In general, people in Missouri are helpful and friendly, so if you need information or assistance, just ask. If they can’t help you, they’ll usually try to find somebody who can!
Check out our downloadable planners and checklists.
Cities and Metro Areas
Moving to Missouri means moving to a state where half of the entire population resides in the two largest cities, while the rural areas remain quiet and calm. You can move to Jefferson City, the state capital located on the edge of the Missouri Rhineland wine country; or to Kansas City, the business hub. St. Louis has the famous Gateway Arch, and there’s Springfield, with its many historic sites, and Columbia, the liberal college town. Other places to consider include St. Charles, St. Peters, Independence, O’Fallon and St. Joseph.
Cost of Living
There’s good news for anybody thinking about moving to MO: the cost of living in Missouri is almost 20 percent lower than the US average. In fact, in the last quarter of 2011, the cost of living in Missouri was ranked fourteenth lowest in the entire nation. This is most likely due to the low costs of housing, grocery items and other goods. In addition, over 50 percent of all students in the state receive some form of state funding for their education, which reduces costs significantly for households (the average household in Missouri earns an income of $40,885 per year).
After moving to Missouri, you’ll find that its humid continental climate is heavily influenced by cold Arctic air and hot, humid air coming off the Gulf of Mexico.
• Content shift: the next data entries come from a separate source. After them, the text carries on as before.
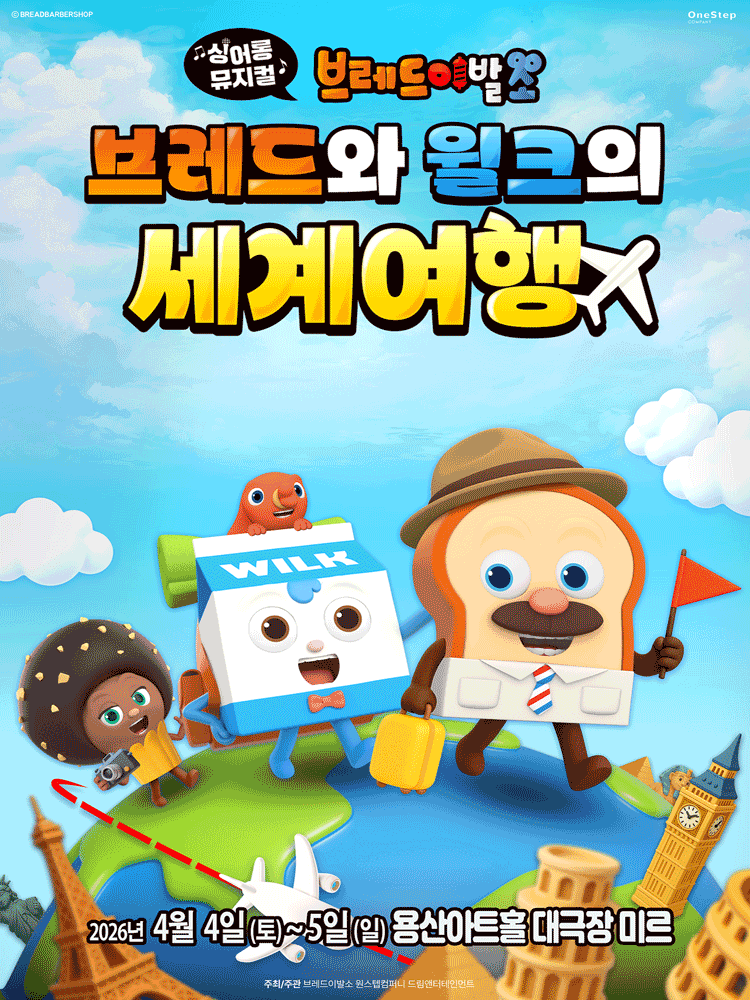 Bread Barbershop: Bread and Wilk's World Tour [Seoul Yongsan]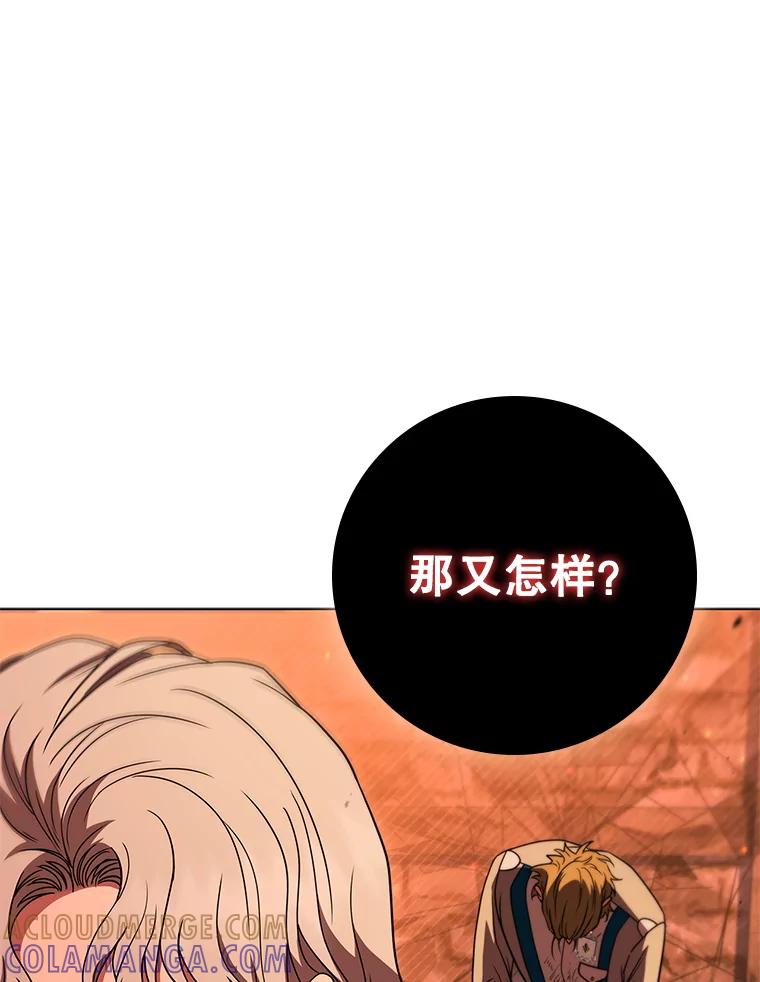《DragonLady龙女》46.身份暴露 第101页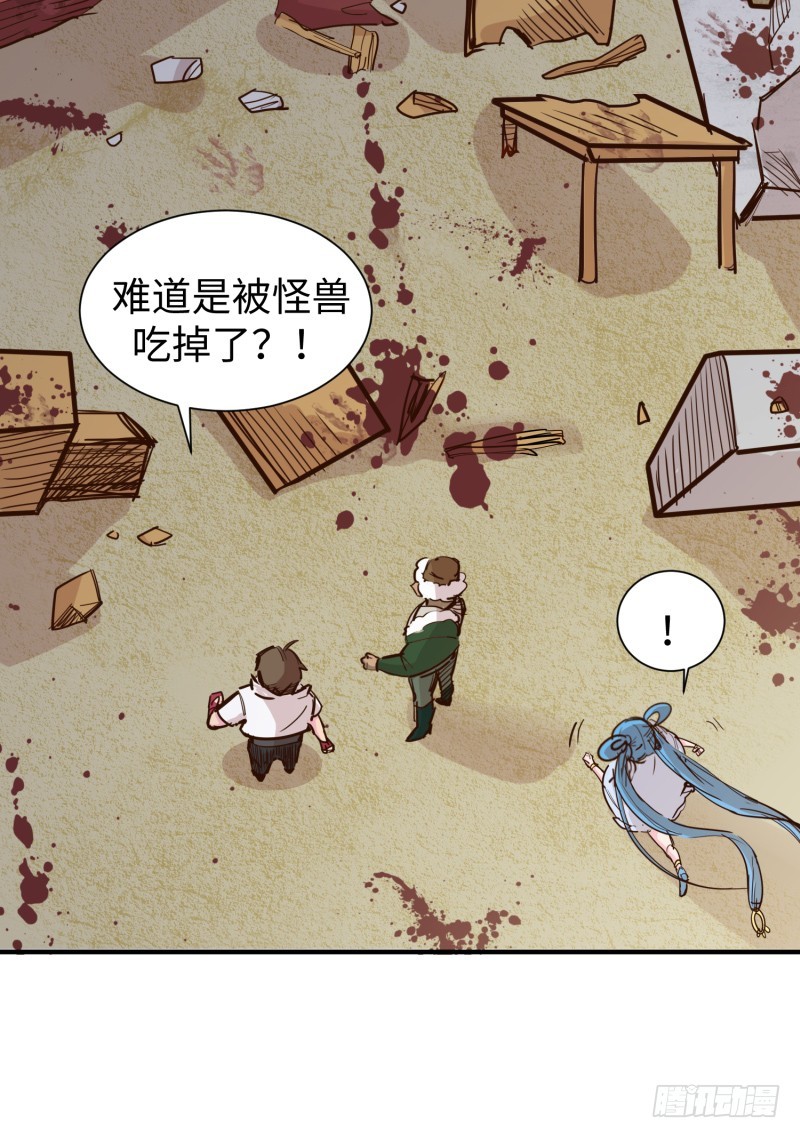 《最强开挂玩家》捡到一个美少女 第45页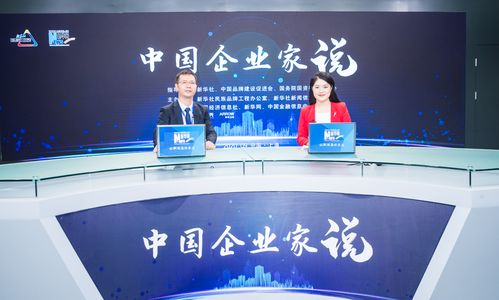 中國企業家說 余國有擦亮技術底色，賦能外貿企業補短板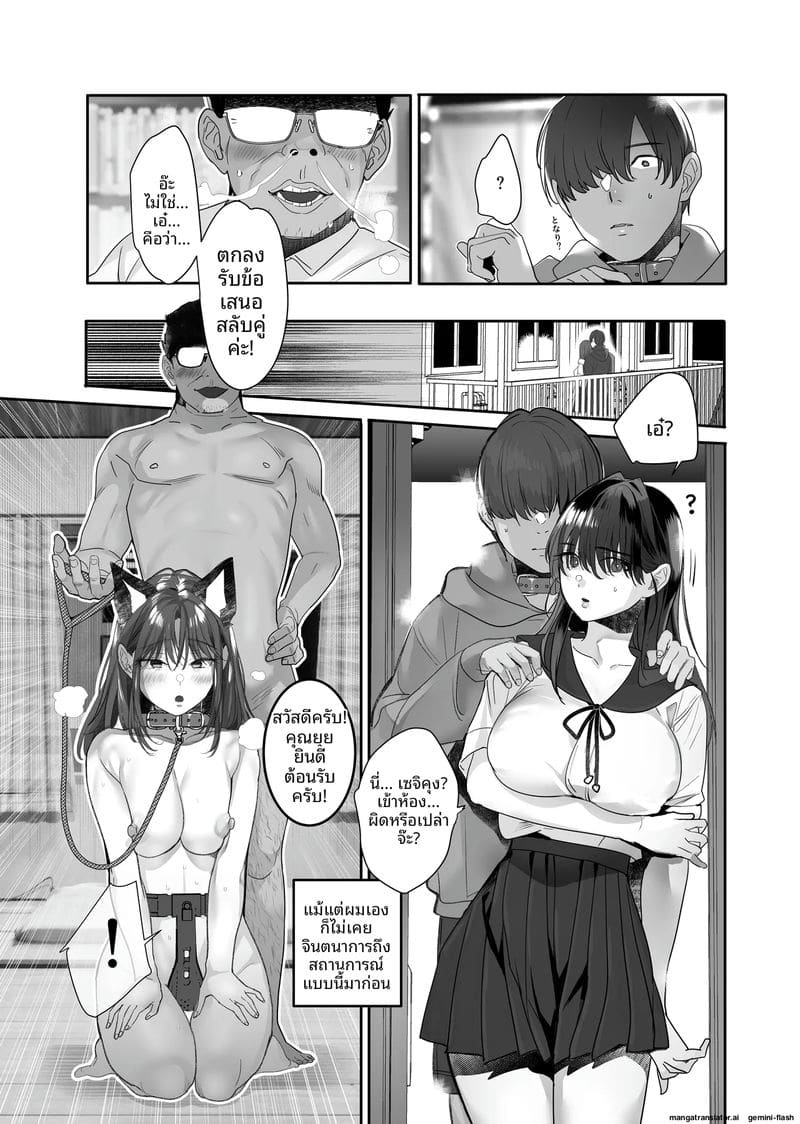 อ่านโดจิน แกลสาวสุดเงี่ยนกับทาสเซ็กส์หีแฉะ แปลไทย หน้า 57 แนว ahegao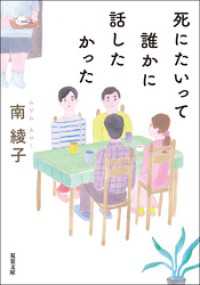 死にたいって誰かに話したかった 双葉文庫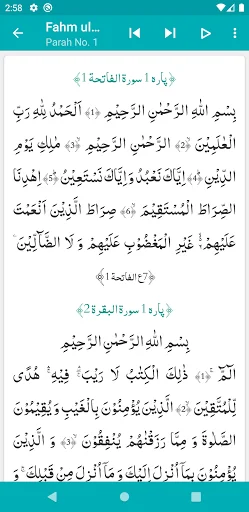 Tafseer Fahm ul Quran ডাউনলোড করুন – সহজ উর্দু তাফসির অ্যাপ - Screenshot 5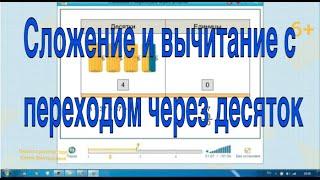 Сложение и вычитание с переходом через десяток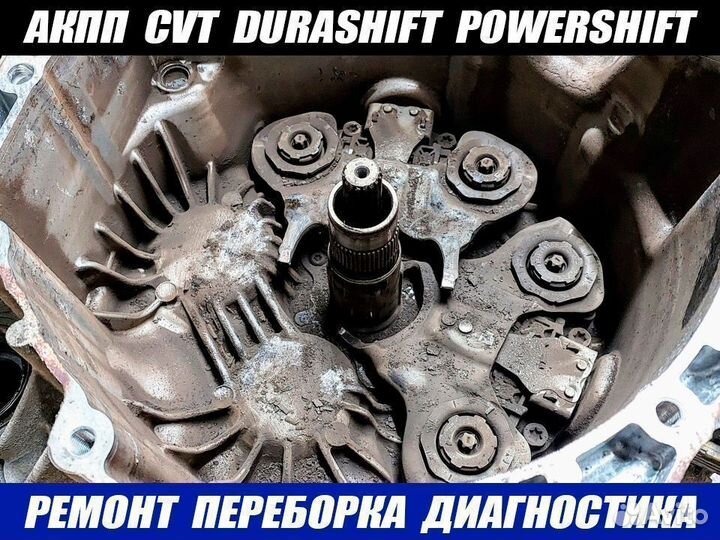 Ремонт АКПП Ford (Роботроник Powershift Durashift)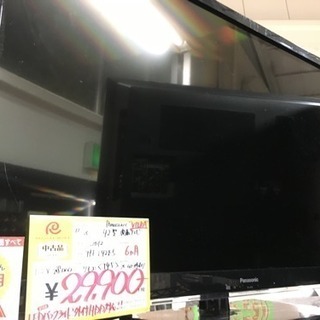 Panasonic　42型　液晶テレビ　VIERA　パナソニック　ビエラ　2012年　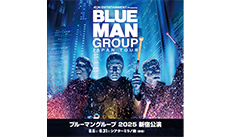 ブルーマングループ 2025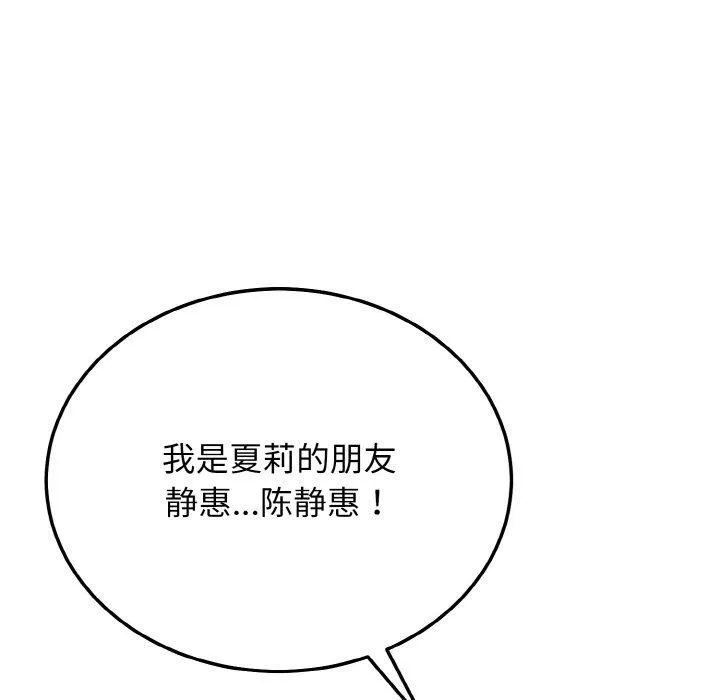 身体互换 - 第19話 - page 61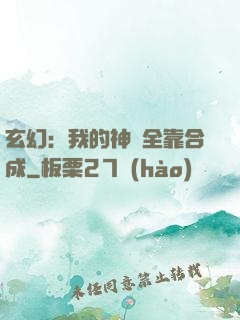 玄幻：我的神獸全靠合成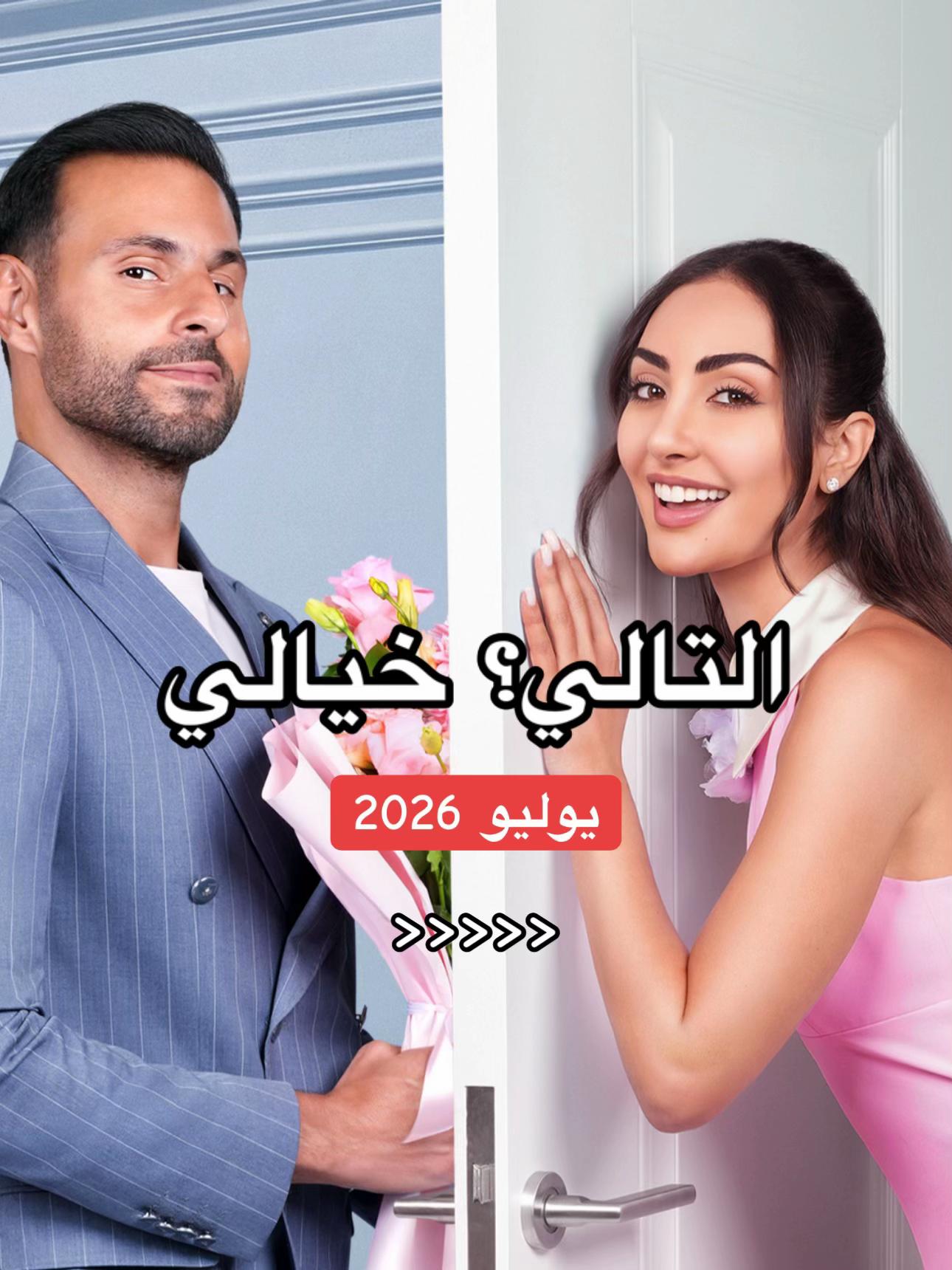 @NetflixMENA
There are no moderating geographical features such as mountains or large lakes here, so the state experiences extreme weather.
Hot summers and cold winters are the norm, with an average daytime temperature in the summer of around 89 degrees Fahrenheit, while during the colder months, the temperature is on average 38 degrees Fahrenheit during the day. When moving to MO, be aware that severe thunderstorms, as well as powerful tornadoes, are frequent occurrences.
If you’re moving to Missouri with your children, rest assured that there are some good educational institutions for students of all ages. These are some of the most notable:
- Elementary Schools: Kennard Classical Junior Academy, Sappington Elementary School and Truman Elementary School in Saint Louis are some of the top-ranked elementary schools.
- High Schools: Metro High School in Saint Louis, Lesterville High School in Lesterville and Linn High School in Linn are some of the best high schools.
- Higher Education: If you’re a college student moving to MO, you’ll have access to some great colleges and universities, including the University of Missouri system, Lincoln University, Saint Louis University and Washington University in St. Louis, which is among the top 20 in the nation.
If you’re looking for the most up-to-date information about living and working in Missouri, go to the Official Missouri State Website.
- Excise Taxes: A state excise tax of 4.225 percent, as well as your local sales tax with a total maximum of 4.5 percent, is due on any untaxed vehicle you bring into the state or purchase while living here. However, if you owned the vehicle for longer than 90 days in another state, you don’t have to pay excise tax in MO.
- Tolls: If you’re moving to MO, you’ll be pleased to know there are no toll roads here yet, though there have been proposals to turn a number of existing highways into turnpikes.
- Voter Registration: After moving to Missouri, you can fill out a voter registration form and mail it to your local election authority, or you can register to vote when you apply for your MO driver’s license.
- Trash & Recycling: If you’re moving to Missouri to a rural area, trash and recycling are handled by private companies that vary per region. In urban areas, the city handles trash and recycling and bills them along with water.
- Driver’s Licenses: You must apply for a MO driver’s license within 30 days of moving here. It costs $20 for a six-year license.
- Vehicle Registration: After moving to MO, you have 30 days to register your vehicle. Fees are based on the vehicle’s HP; for example, it would be $24.75 for a four-cylinder vehicle and $27.75 for a six-cylinder vehicle. It costs $8.50 plus a $2.50 processing fee for a title, and it costs $2.50 to record a lien.